>>>

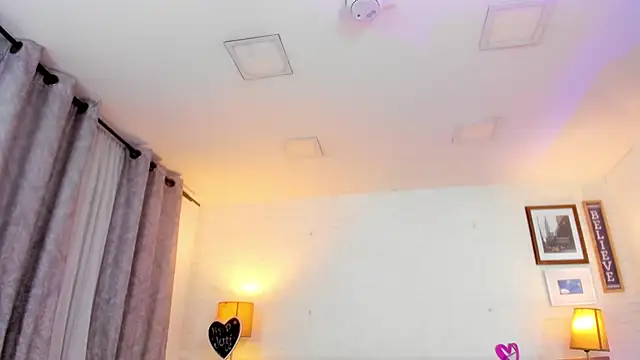 Chatroom XXX en direct de JenniferAuriston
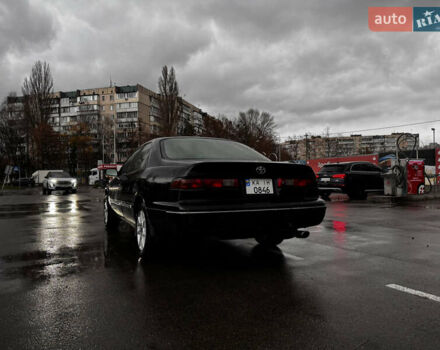 Чорний Тойота Камрі, об'ємом двигуна 2.2 л та пробігом 360 тис. км за 3450 $, фото 6 на Automoto.ua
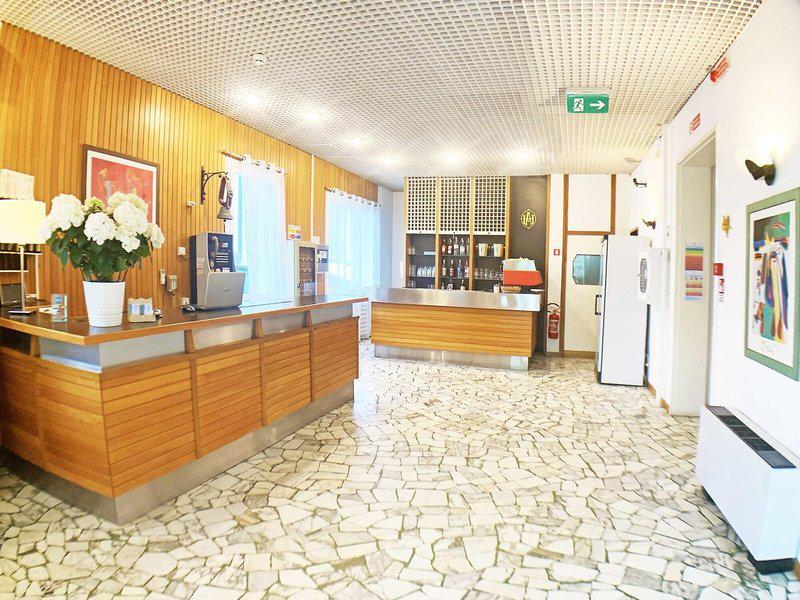 322C1EA1695304BA22B4B6A21E302342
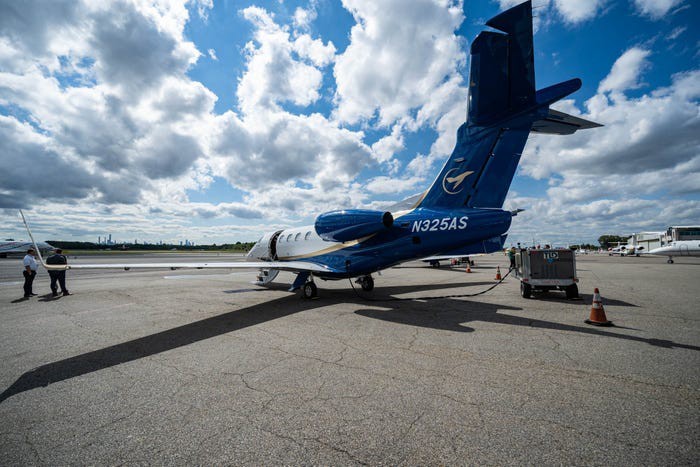 Máy bay phản lực được trang bị hai động cơ cánh quạt Pratt & Whitney PW535E gắn phía sau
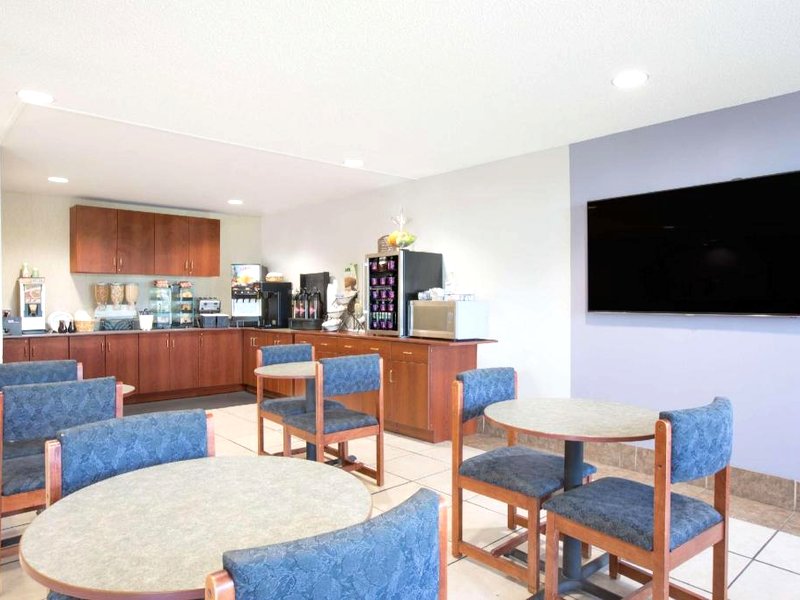 マイクロテル イン&スイーツ バイ ウィンダム ガーデンデール (Microtel Inn & Suites by Wyndham Gardendale)の写真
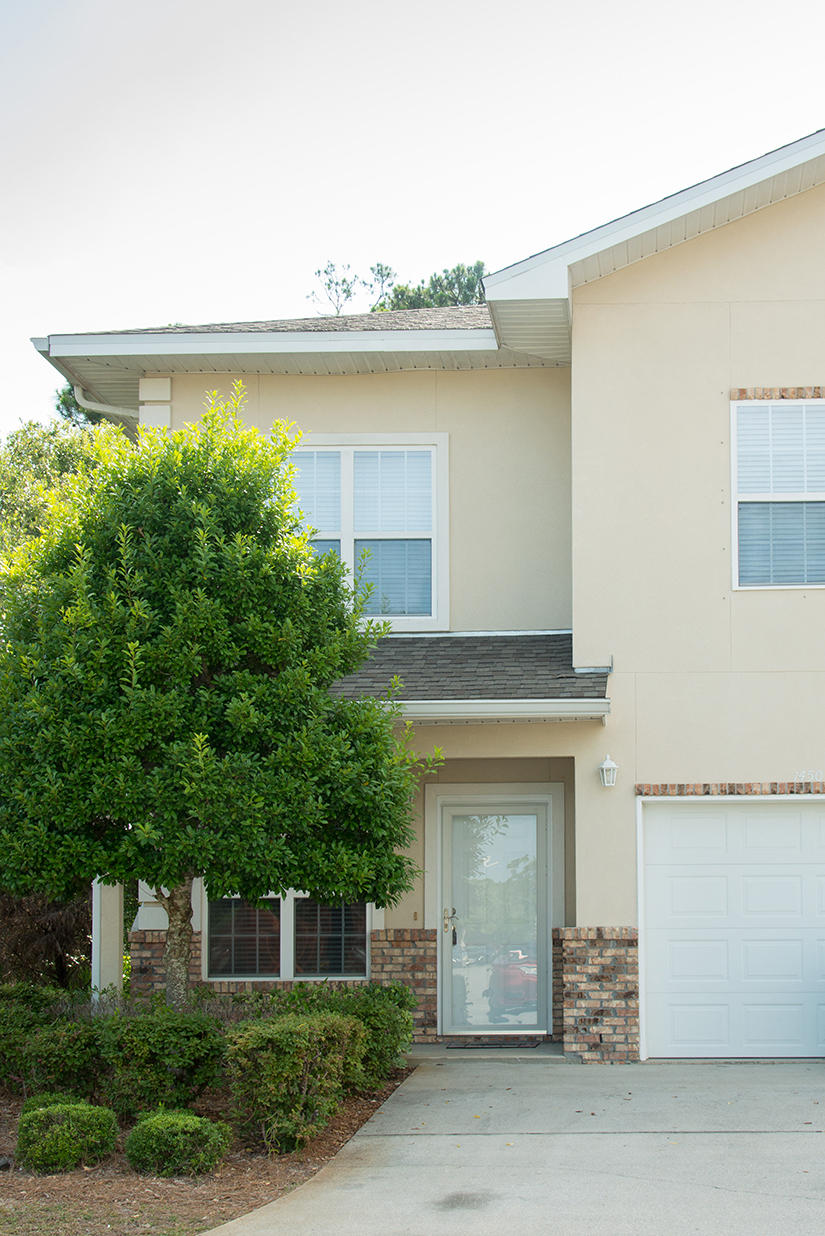 Meridian Square Townhomes - Residential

<<<

**WHAT YOU SHOULD DO**.
Write out exactly, and nothing more than, the lines of the entries above from the line containing "Чорний Тойота Камрі, об'ємом" through the final line; omit any pictures.

**FINAL ANSWER**.
 Чорний Тойота Камрі, об'ємом двигуна 2.2 л та пробігом 360 тис. км за 3450 $, фото 6 на Automoto.ua
 322C1EA1695304BA22B4B6A21E302342
 Máy bay phản lực được trang bị hai động cơ cánh quạt Pratt & Whitney PW535E gắn phía sau
 マイクロテル イン&スイーツ バイ ウィンダム ガーデンデール (Microtel Inn & Suites by Wyndham Gardendale)の写真
 Meridian Square Townhomes - Residential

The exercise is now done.